What you have to do: What is needed is an exact copy of the lines in the entries below from the one holding "Beautiful Landscapes of" through the one holding "鱼跃电子血压计官方旗舰医用家用", pictures excluded.

The records:
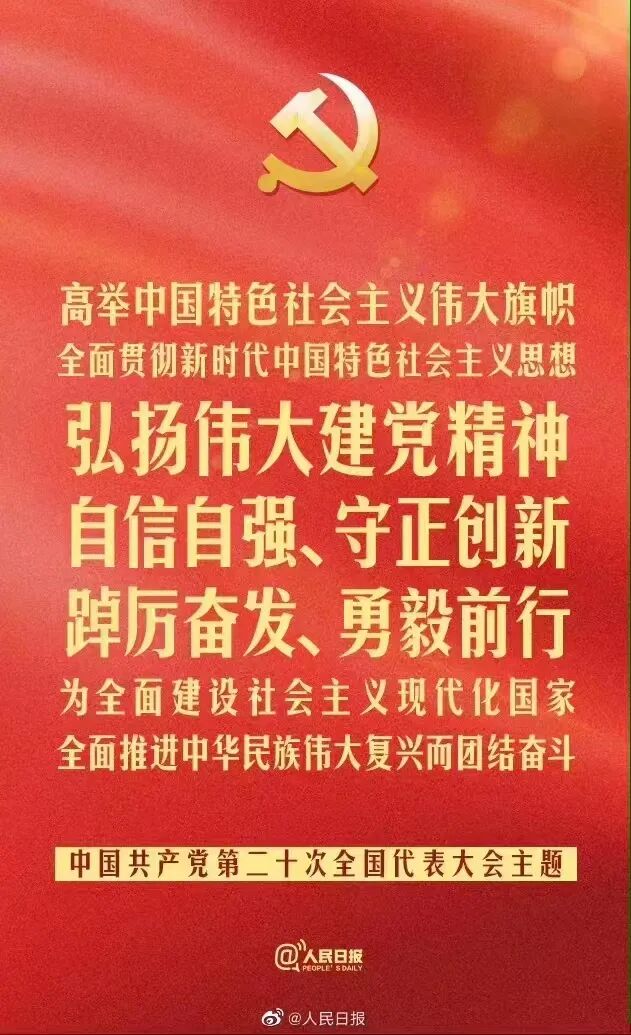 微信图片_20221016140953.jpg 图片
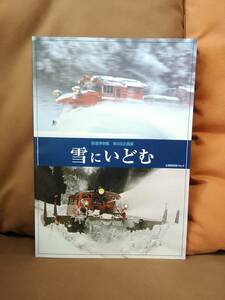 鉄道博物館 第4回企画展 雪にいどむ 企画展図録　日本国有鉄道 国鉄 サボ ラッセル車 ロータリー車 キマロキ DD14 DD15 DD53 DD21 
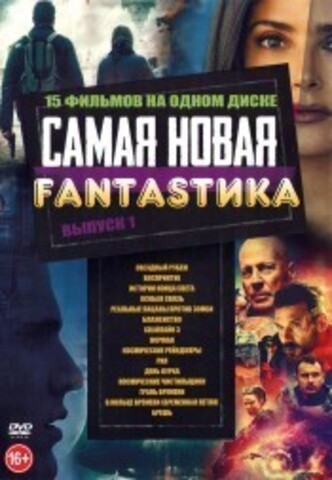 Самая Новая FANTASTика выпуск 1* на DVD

==

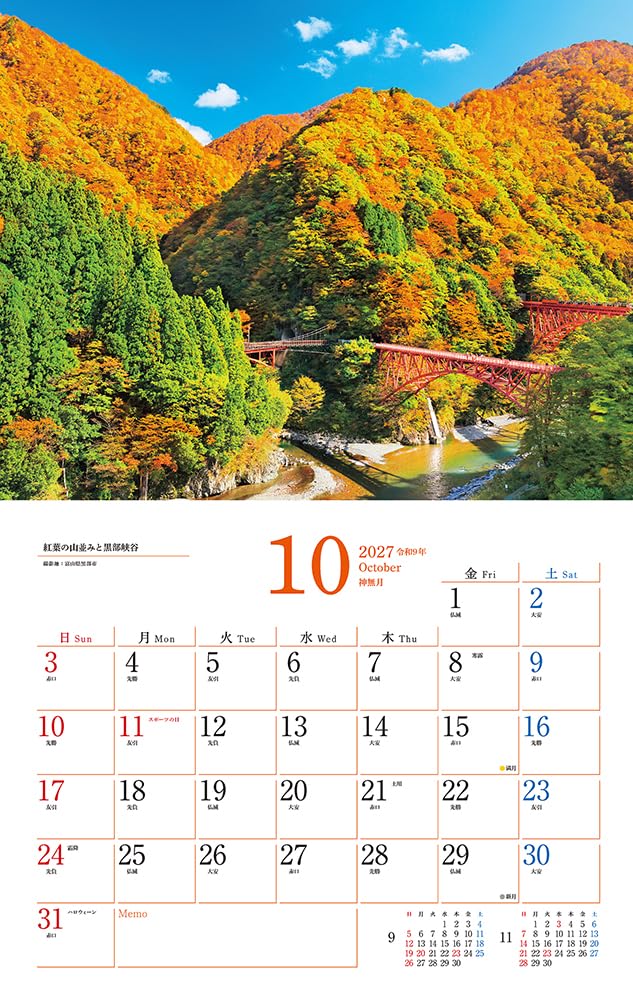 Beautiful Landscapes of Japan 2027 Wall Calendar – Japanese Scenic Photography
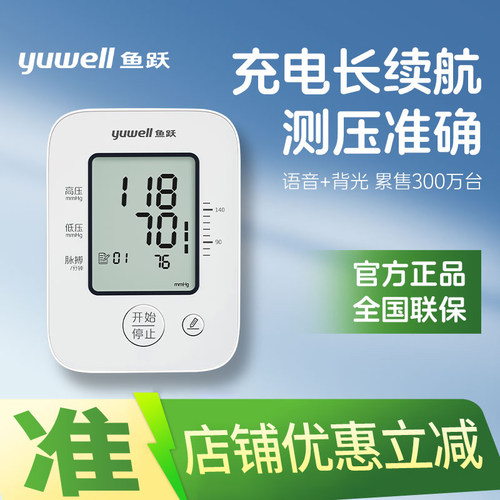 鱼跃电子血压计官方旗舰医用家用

Task output:
 Beautiful Landscapes of Japan 2027 Wall Calendar – Japanese Scenic Photography
 鱼跃电子血压计官方旗舰医用家用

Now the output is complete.